In my post about “Pinging“, I talked about a rather simple method to track when spiders came to your website. At that time, my method was just viewing the “Latest Visitors” page within CPanel. And basically refreshing it waiting for a spider to come. At this point, I was merely checking whether doing a “ping” actually did anything. I wasn’t trying to track how often it came, or what pages it came to over a certain time period, just that it came when I called.
Well the other day someone pointed me in the direction of the “Spider Tracker” wordpress plugin. This plugin does exactly what it says on the box. It tracks spiders crawl rates across your blog. I recommend if you are going to install it on your own WordPress blog, use the plugin installer built into the admin section.
By default, it just tracks Yahoo, Google and Bing bots. But you can add any user agent’s you wish to track, and it will track these aswell. So in reality, you could use it to track anything with a unique user agent. If you were super adventurous, you could track things like Blackberry or IPhone visits. I don’t know why you would, but you could!

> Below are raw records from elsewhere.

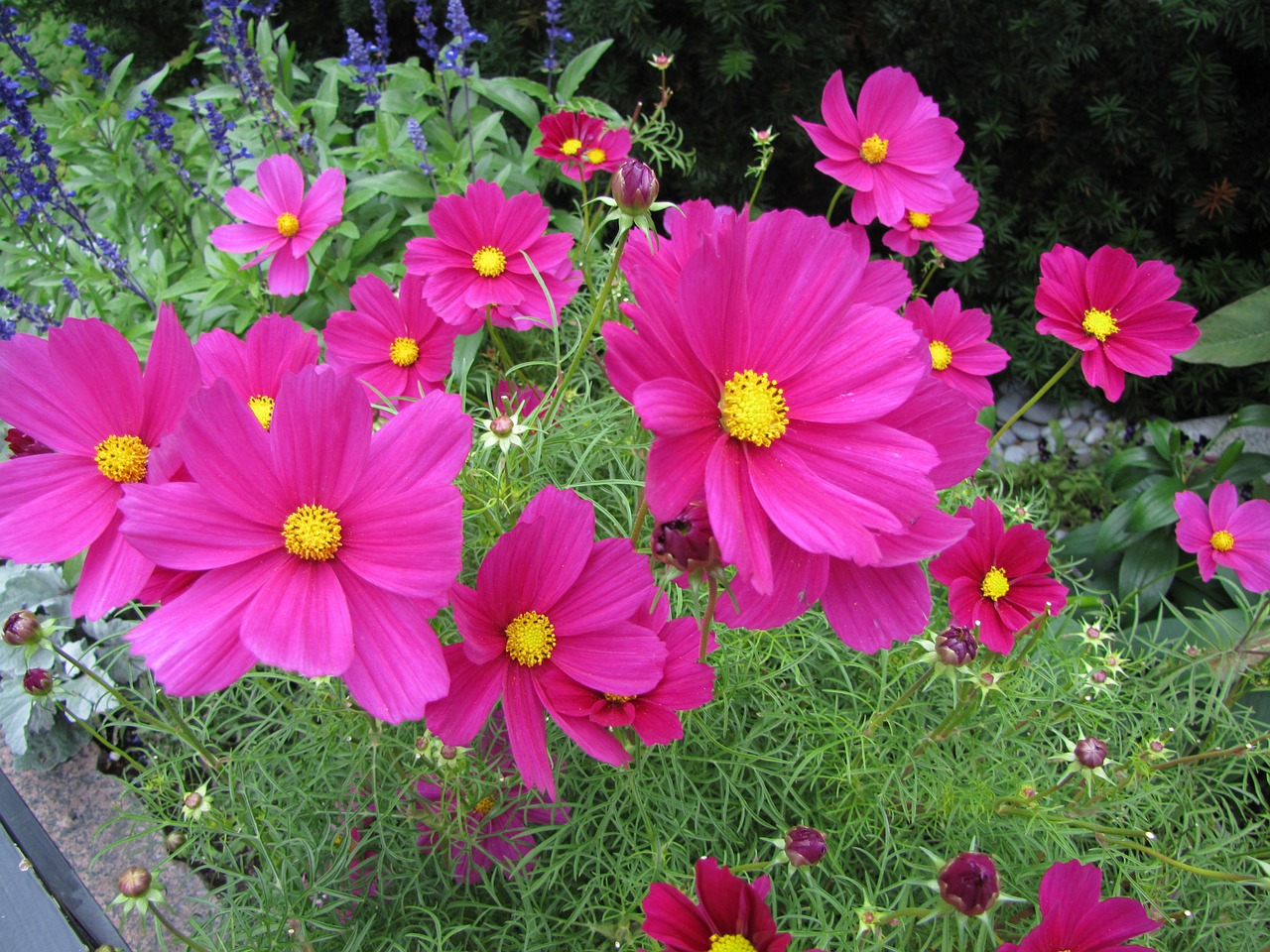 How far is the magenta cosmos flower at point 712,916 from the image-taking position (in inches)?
21.1

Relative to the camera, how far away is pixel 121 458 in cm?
51

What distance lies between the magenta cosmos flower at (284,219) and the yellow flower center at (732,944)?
0.85 metres

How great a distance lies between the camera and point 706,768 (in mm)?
798

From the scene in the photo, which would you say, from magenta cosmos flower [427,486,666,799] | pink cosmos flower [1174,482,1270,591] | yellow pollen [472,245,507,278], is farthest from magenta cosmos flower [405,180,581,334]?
pink cosmos flower [1174,482,1270,591]

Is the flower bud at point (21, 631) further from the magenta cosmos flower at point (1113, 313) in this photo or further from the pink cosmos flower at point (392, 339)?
the magenta cosmos flower at point (1113, 313)

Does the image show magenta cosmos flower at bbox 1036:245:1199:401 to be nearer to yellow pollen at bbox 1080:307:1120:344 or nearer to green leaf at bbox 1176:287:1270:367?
yellow pollen at bbox 1080:307:1120:344

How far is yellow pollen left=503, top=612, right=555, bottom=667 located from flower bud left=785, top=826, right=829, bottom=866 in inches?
8.3

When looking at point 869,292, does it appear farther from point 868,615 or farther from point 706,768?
point 706,768

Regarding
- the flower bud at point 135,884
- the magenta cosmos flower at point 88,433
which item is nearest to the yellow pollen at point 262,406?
the magenta cosmos flower at point 88,433

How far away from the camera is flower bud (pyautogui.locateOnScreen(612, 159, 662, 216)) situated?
0.58 metres

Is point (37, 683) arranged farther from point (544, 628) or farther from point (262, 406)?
point (544, 628)

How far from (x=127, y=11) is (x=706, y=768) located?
2130mm

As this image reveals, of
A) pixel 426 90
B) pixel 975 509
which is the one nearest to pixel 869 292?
pixel 975 509

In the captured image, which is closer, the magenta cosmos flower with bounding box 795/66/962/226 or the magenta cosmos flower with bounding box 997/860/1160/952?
the magenta cosmos flower with bounding box 997/860/1160/952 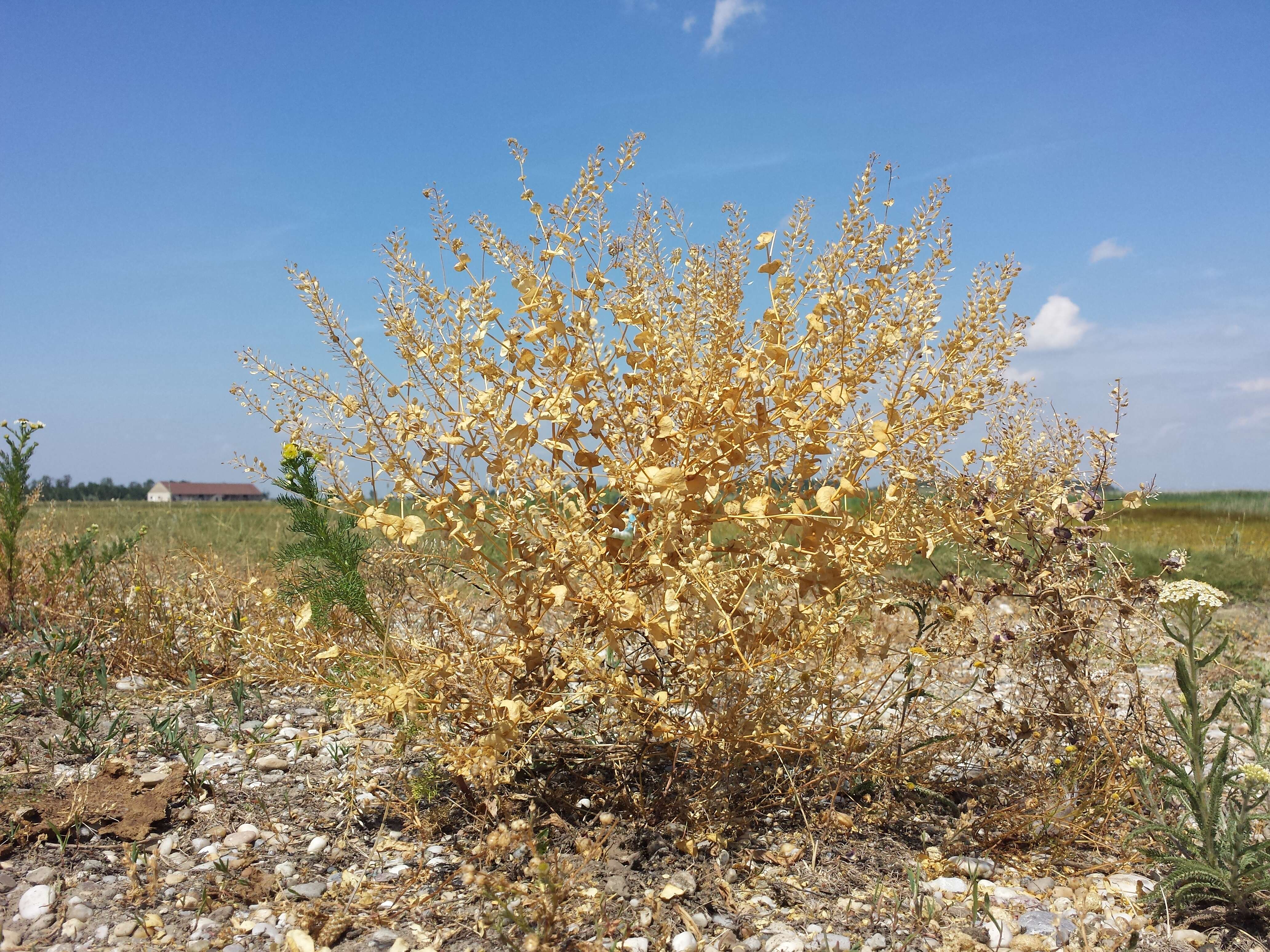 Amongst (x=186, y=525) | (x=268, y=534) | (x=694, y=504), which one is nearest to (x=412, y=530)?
(x=694, y=504)

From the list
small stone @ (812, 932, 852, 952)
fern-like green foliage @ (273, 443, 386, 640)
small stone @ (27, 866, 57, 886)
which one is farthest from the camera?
fern-like green foliage @ (273, 443, 386, 640)

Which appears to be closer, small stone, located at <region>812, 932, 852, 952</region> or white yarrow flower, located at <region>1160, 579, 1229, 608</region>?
small stone, located at <region>812, 932, 852, 952</region>

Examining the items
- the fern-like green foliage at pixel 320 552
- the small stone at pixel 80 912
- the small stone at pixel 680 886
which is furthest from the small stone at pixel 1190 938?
the small stone at pixel 80 912

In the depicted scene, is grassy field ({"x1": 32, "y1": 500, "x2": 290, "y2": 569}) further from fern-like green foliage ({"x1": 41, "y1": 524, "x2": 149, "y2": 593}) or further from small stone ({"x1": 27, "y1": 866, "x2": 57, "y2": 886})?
small stone ({"x1": 27, "y1": 866, "x2": 57, "y2": 886})

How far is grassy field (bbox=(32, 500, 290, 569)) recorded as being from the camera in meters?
6.72

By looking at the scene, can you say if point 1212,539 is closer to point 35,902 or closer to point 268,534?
point 268,534

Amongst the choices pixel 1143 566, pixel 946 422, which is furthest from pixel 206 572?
pixel 1143 566

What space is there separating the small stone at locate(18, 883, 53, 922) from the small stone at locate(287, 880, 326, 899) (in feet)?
2.14

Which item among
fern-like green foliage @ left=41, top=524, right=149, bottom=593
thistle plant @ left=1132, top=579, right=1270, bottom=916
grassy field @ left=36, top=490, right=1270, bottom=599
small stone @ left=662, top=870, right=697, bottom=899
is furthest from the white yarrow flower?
fern-like green foliage @ left=41, top=524, right=149, bottom=593

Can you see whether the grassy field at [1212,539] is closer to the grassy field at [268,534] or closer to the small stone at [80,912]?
the grassy field at [268,534]

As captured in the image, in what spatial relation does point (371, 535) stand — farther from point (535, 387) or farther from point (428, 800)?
point (535, 387)

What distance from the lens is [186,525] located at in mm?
9156

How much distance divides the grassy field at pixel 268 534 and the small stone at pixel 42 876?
6.48 feet

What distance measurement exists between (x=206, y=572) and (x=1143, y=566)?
24.9 ft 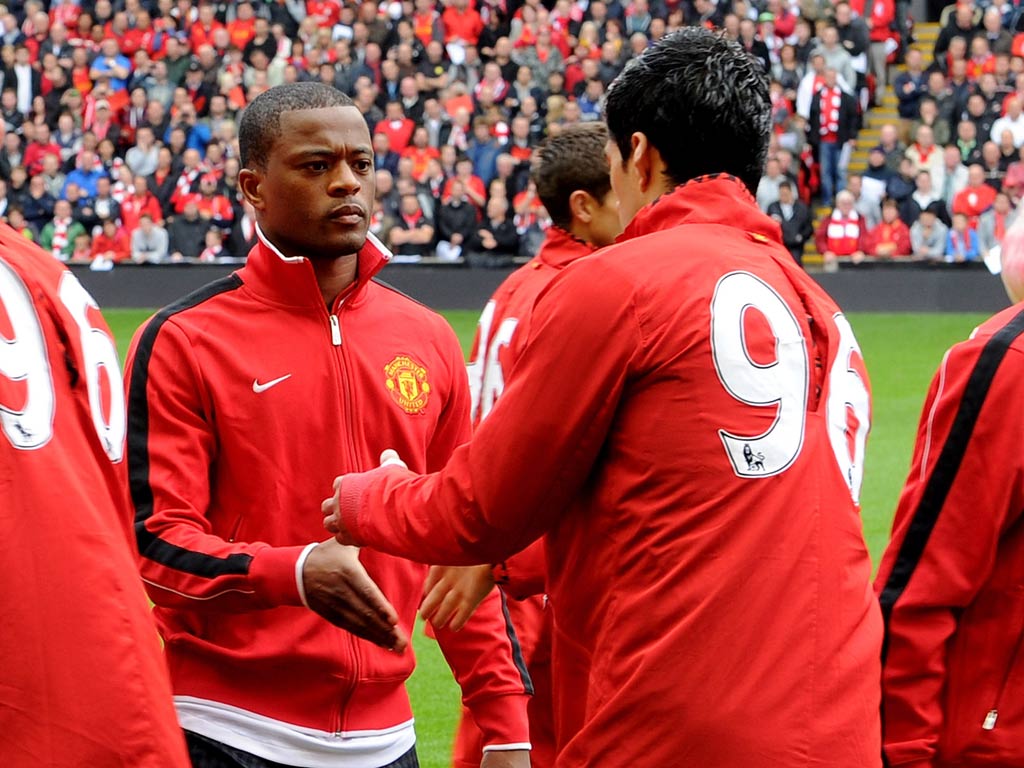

Like always. When I install something new I want to see it working instantly! Unfortunately I did have to wait a bit for Google to come, and when it did I noticed odd patterns in it’s crawling. It never really seemed to crawl pages that are linked from external URL’s. Im sure eventually it will, but most, if not all the crawls I saw happening were just random checks by Google to (What looks like) check if the URL is still up, and if any changes have happened.
![]()
You can see that it is going to page 18 of the blog. I can assure you, there is no external URL’s pointing to that page. And logically, it should only be internally linked from page 17, and page 19. So I am rather surprised Google knows about it at all. There were other crawls much like this one, to old old posts of mine, that have no outside links pointing to them at all.
I don’t really know the answer to it, but it does seem to be Google just coming back and checking on a page at random. I know alot of people have theories about how PageRank factors into this. Like the higher your pagerank, the more often Google will come back and check on that page out of the blue. I’m not quite ready to wade (get it!) into that debate yet, but it is interesting.
Aswell as Google, Yahoo has done pretty much the same thing. Come back and crawled random pages that don’t have any external links pointing to them. Unfortunately the plugin doesn’t track where the spider came from (Can it even?), so I can’t tell if it came from an external link, or just randomly. But certainly from the pages, it is random.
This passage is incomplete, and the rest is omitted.